#### [Problem statement]
Give back, exactly as written, the lines of the listing from the top through the line holding "a living room with furniture and a window", and nothing more. Exclude pictures.

#### [Records to use]
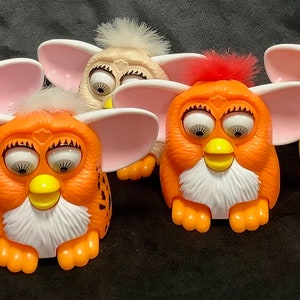 May include: Five colorful Furby toys. The toys are all in different colors, including purple, orange, yellow, and white. They have large, round eyes and fuzzy fur.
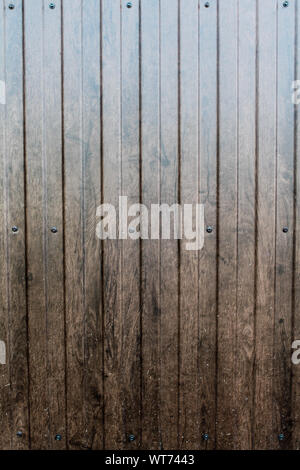 Braun Holz Wand oder Zaun Hintergrund. Hintergrund mit senkrechten Brettern. Copyspace für Text Stockfoto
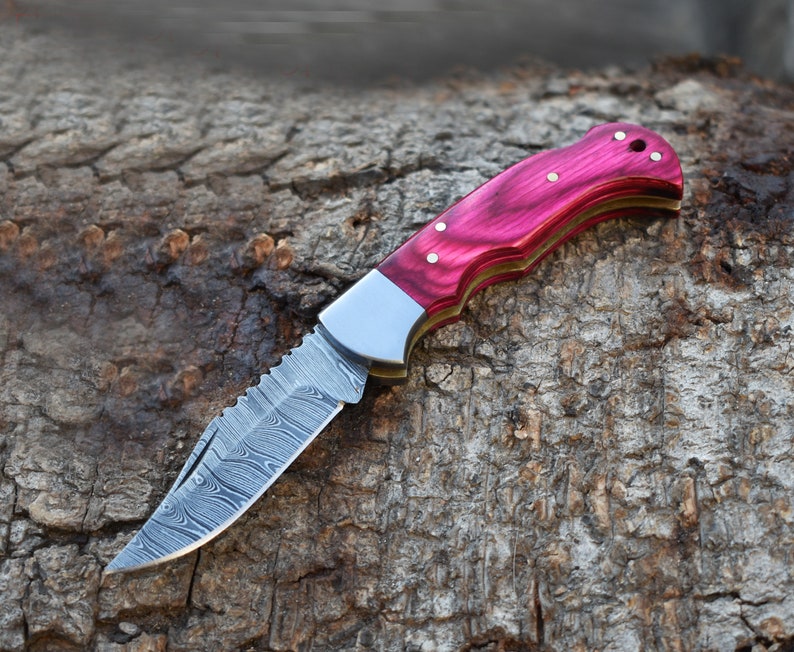 May include: A folding pocket knife featuring a silver Damascus steel blade with a distinct wavy pattern, a metallic bolster, and a curved handle made of polished magenta wood with three visible brass pins and a lanyard hole at the end.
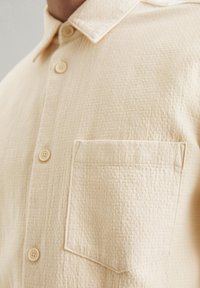 Beige button-up shirt with a textured fabric, featuring a collar and a single chest pocket. Buttons are beige with a smooth finish.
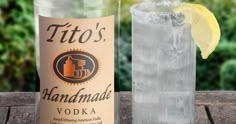 a bottle of vodka next to a glass filled with ice and lemon wedges on a wooden table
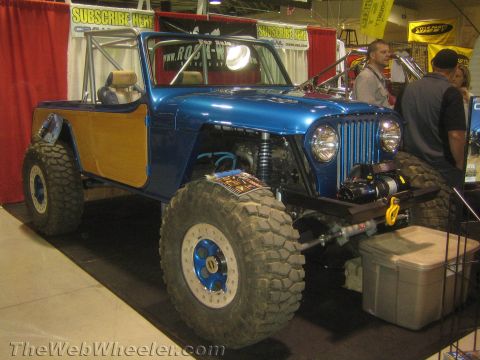 1990 Ford Bronco - Front three-quarter view of a blue custom open-top 4x4 with wood-grain panels, a slotted grille, front winch and oversized tires at a show.
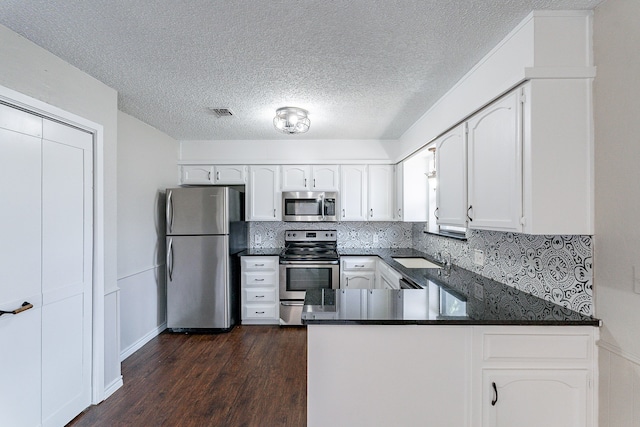 kitchen with decorative backsplash, dark hardwood / wood-style flooring, white cabinetry, kitchen peninsula, and stainless steel appliances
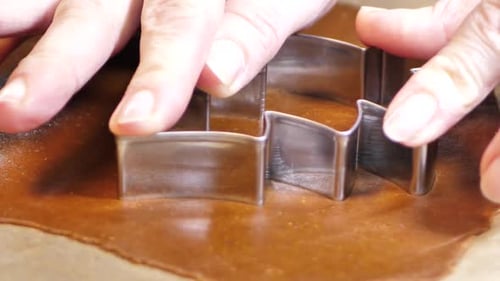Cutting Christmas Tree Cookie from Dough with Cutter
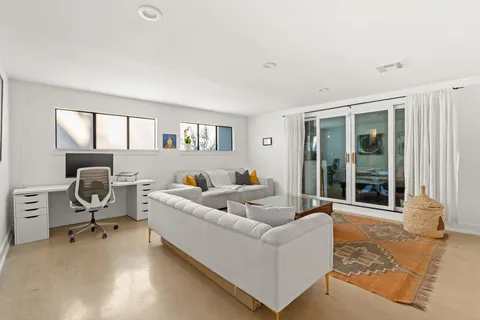 a living room with furniture and a window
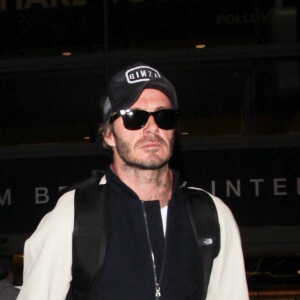 David Beckham arrive à l'aéroport LAX de Los Angeles, le 29 janvier 2017.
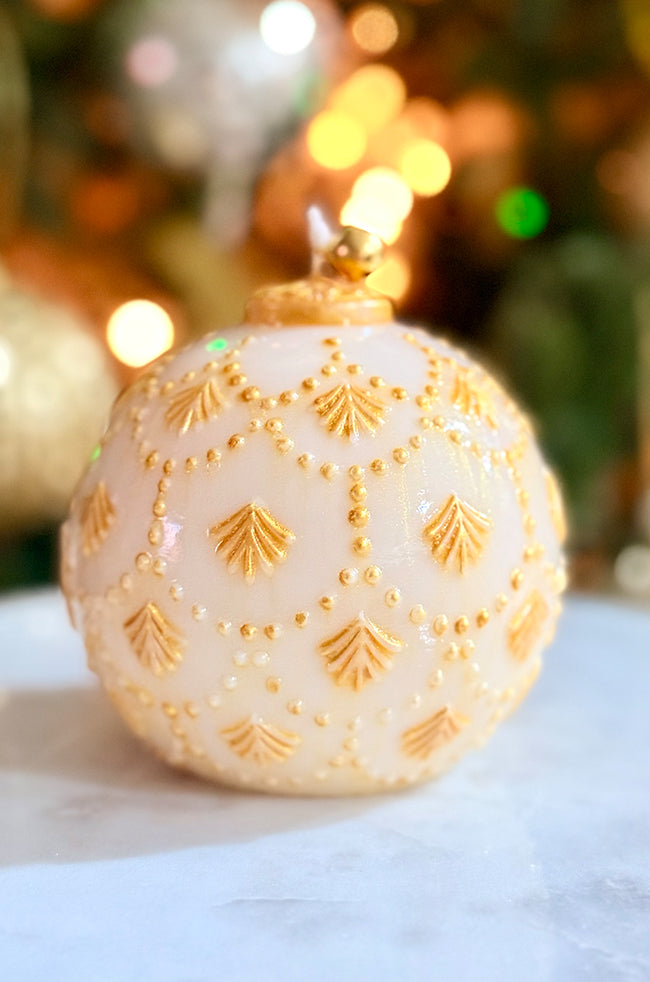 Golden Star Ornament Candle: Detailed view of a sculpted holiday candle inspired by classic ornaments, highlighted with golden motifs and topped with a metallic bell.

#### [Problem solution]
 May include: Five colorful Furby toys. The toys are all in different colors, including purple, orange, yellow, and white. They have large, round eyes and fuzzy fur.
 Braun Holz Wand oder Zaun Hintergrund. Hintergrund mit senkrechten Brettern. Copyspace für Text Stockfoto
 May include: A folding pocket knife featuring a silver Damascus steel blade with a distinct wavy pattern, a metallic bolster, and a curved handle made of polished magenta wood with three visible brass pins and a lanyard hole at the end.
 Beige button-up shirt with a textured fabric, featuring a collar and a single chest pocket. Buttons are beige with a smooth finish.
 a bottle of vodka next to a glass filled with ice and lemon wedges on a wooden table
 1990 Ford Bronco - Front three-quarter view of a blue custom open-top 4x4 with wood-grain panels, a slotted grille, front winch and oversized tires at a show.
 kitchen with decorative backsplash, dark hardwood / wood-style flooring, white cabinetry, kitchen peninsula, and stainless steel appliances
Cutting Christmas Tree Cookie from Dough with Cutter
 a living room with furniture and a window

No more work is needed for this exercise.